Не знаю почему, может хотелось, чтобы Андрей меня одернул, чтобы велел мне переодеться, не знаю, но я с утра напялила все тот же коричневый страшный костюм от «мадам Пушкаревой». Андрюша не сказал ни слова, может, махнул на меня рукой, а может, боялся, что я снова полезу в бутылку, но факт остается фактом — я стояла перед Юлианой не в тех прекрасных нарядах, которые мне муж купил, а в тяжелом родительском наследии. Увы.
Для начала я рассказала Виноградовой нашу с Андреем легенду. Ну, ту самую, помните? Банк «ЛлойдМорис», кредит, любовь, беременность, свадьба… А потом, незаметно даже для себя перешла к правде. Мне ведь самой очень хотелось понять за что родители надо мной так издевались.
— Сколько себя помню, всепоглощающая любовь папы и мамы. Жизни свои могли, да и сейчас могут, отдать за меня, а даже зубы почистить я не могла лишний раз, у меня тут же спрашивали, а почему это? А может я курила в форточку, и теперь пытаюсь запах перебить? Знаешь… Ой, простите, знаете…
— Катя, а давай на «ты»? Так проще.
— Давай, — обрадовалась я, так Юлиана становилась ближе, а мне хотелось подружиться с ней, у меня никогда не было подруг. — Знаешь, у меня даже было подозрение, что где-то в младенчестве я натворила что-то ужасное, и меня не посадили в тюрьму только по малолетству. Отдали родителям под надзор на поруки на перевоспитание, вот они и стараются, перевоспитывают.
— А бунтовать не пробовала?
— Почему не пробовала, пробовала, только мне всегда очень быстро становилось их жалко.
— А себя?
— А со своей участью я смирилась.
— Дуреха! Это же твоя жизнь, одна единственная, второй не будет. И в этой жизни для тебя главное — это ты! Понимаешь?
— Нет. А как же Андрей?
— А никак. Не любишь ты его, Катюша.
— Как это не люблю? Очень люблю.
— Не любишь, не можешь любить. Просто не знаешь как это — любить. Вот какая у нас одна из самых главных заповедей?
— Не убий?
— И это тоже, но я сейчас о другой: Возлюби ближнего твоего, как самого себя.
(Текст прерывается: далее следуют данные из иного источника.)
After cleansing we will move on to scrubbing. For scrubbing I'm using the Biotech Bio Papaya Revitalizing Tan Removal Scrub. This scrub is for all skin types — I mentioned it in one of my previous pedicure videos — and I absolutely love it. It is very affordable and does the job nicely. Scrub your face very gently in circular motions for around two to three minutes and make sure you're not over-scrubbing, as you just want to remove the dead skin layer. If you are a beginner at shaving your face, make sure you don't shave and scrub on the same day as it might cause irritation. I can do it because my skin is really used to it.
Если ты себя не любишь, откуда тебе знать, как любить ближнего? Запомни, ты — это мерило любви. Полюбишь себя, весь мир полюбить сможешь. Повторяй за мной: Я — это целый мир!
— Я — это целый мир!
— Таких, как я больше нет и не будет!
— Таких, как я больше нет и не будет!
— Я себя люблю!
— Я себя люблю.
— Не так, еще раз.
— Я себя люблю!
— Не верю, еще!
— Я себя люблю!
— Еще!
— Я себя люблю!!! — закричала я так, что прохожие начали оборачиваться. Но мне было на это наплевать. В какой-то момент я испытала эйфорию, какое мне дело до любопытных прохожих? Я — это целый мир, таких, как я больше нет, не было и не будет! Я достойная любить себя, хотя бы за это. И я достойна, чтобы меня любили. Потому, что я — это я!